The whispers started in the Lutyens’ Delhi corridors. Now they are loud enough for Whitehall to hear. India’s most powerful female politician, Nirmala Sitharaman, is facing a quiet but unmistakable erosion of her authority inside the BJP. The Finance Minister, once the undisputed face of Modi’s economic vision, is losing her grip on the party apparatus. Back-room sources say her influence over key ministries is waning. The budget cycle has become a battlefield, with rival factions leaking damaging stories to friendly journalists.

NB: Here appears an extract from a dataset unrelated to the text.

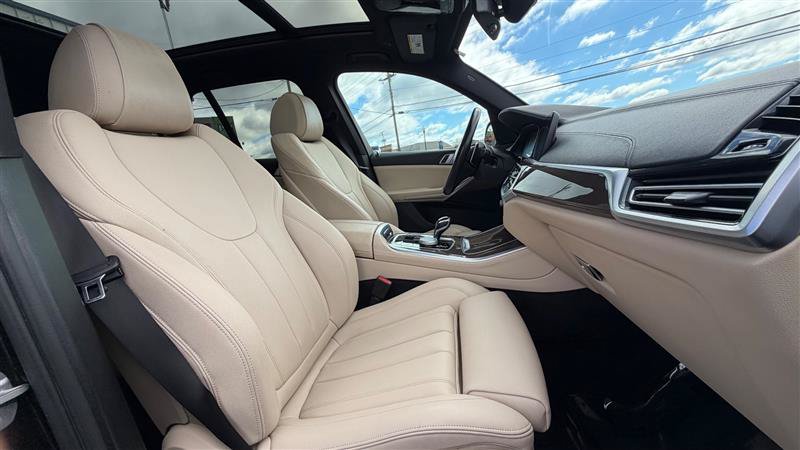 Used 2020 BMW X5 xDrive40i w/ Convenience Package AWD/4WD image 38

This is not just a Delhi drama. UK trade negotiators are watching every move. The post-Brexit India deal hinges on Sitharaman’s ability to deliver on tariffs and intellectual property. One diplomat told me off the record: “If she is weakened, the deal gets delayed. Full stop.” The timing is poisonous. UK ministers want a signing before the next election cycle. But if Sitharaman cannot control her party’s internal hawks, that timeline looks naive.
Inside the BJP, the chatter is brutal. Old guard rivals are sharpening knives. They point to the tepid GDP growth numbers. They mutter about her handling of inflation. The Prime Minister’s office remains publicly loyal, but the signals are mixed. A key ally of Modi recently skipped her parliamentary briefing. The omitted handshake was noted.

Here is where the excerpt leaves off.